L’annonce de M. Trudeau fait suite à celle de Coca-Cola, qui affirme son intention de fabriquer des bouteilles contenant en moyenne 50 % de contenu recyclé d’ici 2030 (dans 12 ans). Il y a aussi Unilever qui demande à l’industrie des biens de consommation de redoubler d’efforts pour s’attaquer aux défis croissants posés par les déchets de plastique en mer et créer une économie circulaire pour les matières plastiques

Ce sont là des paroles positives et percutantes. Mais comment feront-ils pour y arriver? Bien entendu, l’une des options consiste à ne pas utiliser de matières plastiques. C’est ce que le détaillant britannique d’aliments congelés Iceland a décidé de faire en s’engageant à devenir le premier grand détaillant mondial à éliminer d’ici la fin de 2023 les emballages en plastique de tous les produits qui portent sa marque. Mais au-delà de l’élimination, il faut trouver la façon la plus efficace, sans parler de la façon la plus « écologique », de récupérer les matières plastiques.
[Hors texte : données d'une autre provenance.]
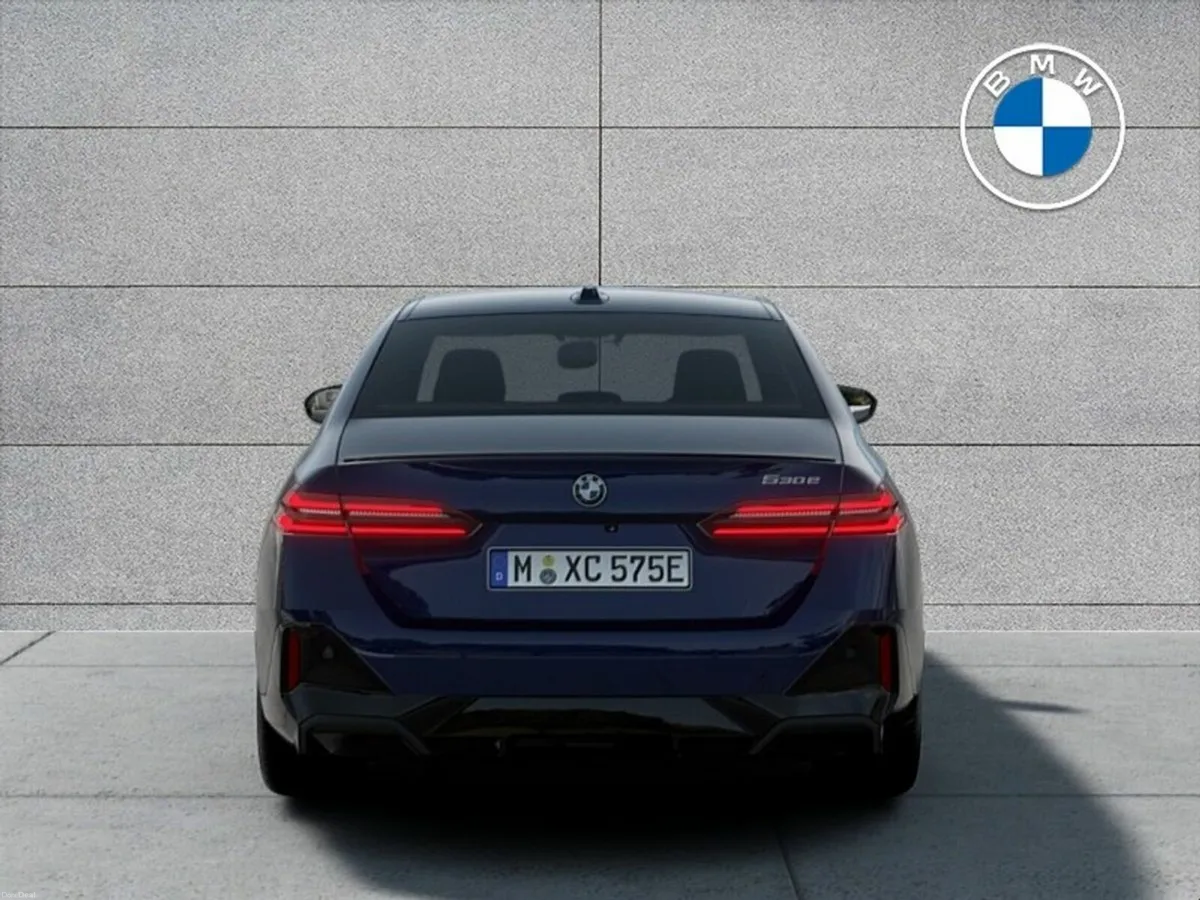 BMW 5-Series 530e M Sport Pro - Image 3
Quelle serait-elle?

Seulement 29 % des emballages de plastique sont actuellement récupérés dans les boîtes bleues du système de collecte sélective multimatières en Ontario. Le meilleur taux de « récupération » d’Intendance Ontario pour les plastiques est celui des bouteilles en PET et en PEHD à un taux de 53 %, suivi des résines mixtes des « autres plastiques » à 32 %; les films en plastique accusent un retard considérable à seulement 12 %. Rien n’a vraiment changé en ce qui concerne les bouteilles au cours des 13 dernières années d’existence du programme des boîtes bleues à responsabilité élargie des producteurs (REP) dont l’intendance est assurée par l’« industrie-payeuse ». Le taux de récupération des bouteilles en plastique s’est amélioré d’un piètre 3 % au cours de cette période.
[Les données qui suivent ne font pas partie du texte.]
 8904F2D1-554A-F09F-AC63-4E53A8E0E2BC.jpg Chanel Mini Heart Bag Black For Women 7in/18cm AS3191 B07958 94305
La solution consisterait-elle à investir des millions de dollars dans la promotion et l’éducation des bonnes gens de l’Ontario pour essayer de les persuader d’augmenter le taux de récupération des matières plastiques dans les boîtes bleues de 29 % à 50 % ou plus? Cela ne fonctionnera pas. D’autant plus que le programme modifié des boîtes bleues qu’Intendance Ontario a transmis pour approbation au nouvel Office de la productivité et de la récupération des ressources ne prévoit aucune pénalité pour défaut de rendement. Le plan indique qu’il y aura beaucoup de discussions au sujet des matières problématiques et peut-être certains efforts de recherche et développement ainsi que des « forums de collaboration », mais qu’il n’y aura pas de pénalités réelles en cas d’échec.

Alors, qu’en est-il de la consigne? L’Ontario est l’une des rares provinces canadiennes à ne pas avoir de système complet de consigne en plus de la collecte sélective. Traditionnellement, les gens de Coca-Cola et de Pepsi se sont opposés aux systèmes de consigne parce qu’ils ciblent les boissons et les détaillants s’y opposent parce qu’ils ne veulent pas devenir des dépôts où les bouteilles sont retournées aux détaillants.

Mais les choses sont peut-être en train de changer. Coca-Cola a dit récemment qu’elle envisagerait des systèmes de consigne « bien gérés ». De quoi parle-t-on exactement? Veut-on dire à l’échelle mondiale? Cela aurait-il du sens dans le contexte ontarien? Bien que ces grandes questions restent sans réponse, Coca-Cola dit bel et bien qu’elle veut atteindre une moyenne de 50 % de contenu recyclé d’ici 12 ans. Pour ce faire, il faut du plastique recyclé comme matière première, et il en faut beaucoup. C’est exactement ce que les systèmes de consigne permettraient d’obtenir.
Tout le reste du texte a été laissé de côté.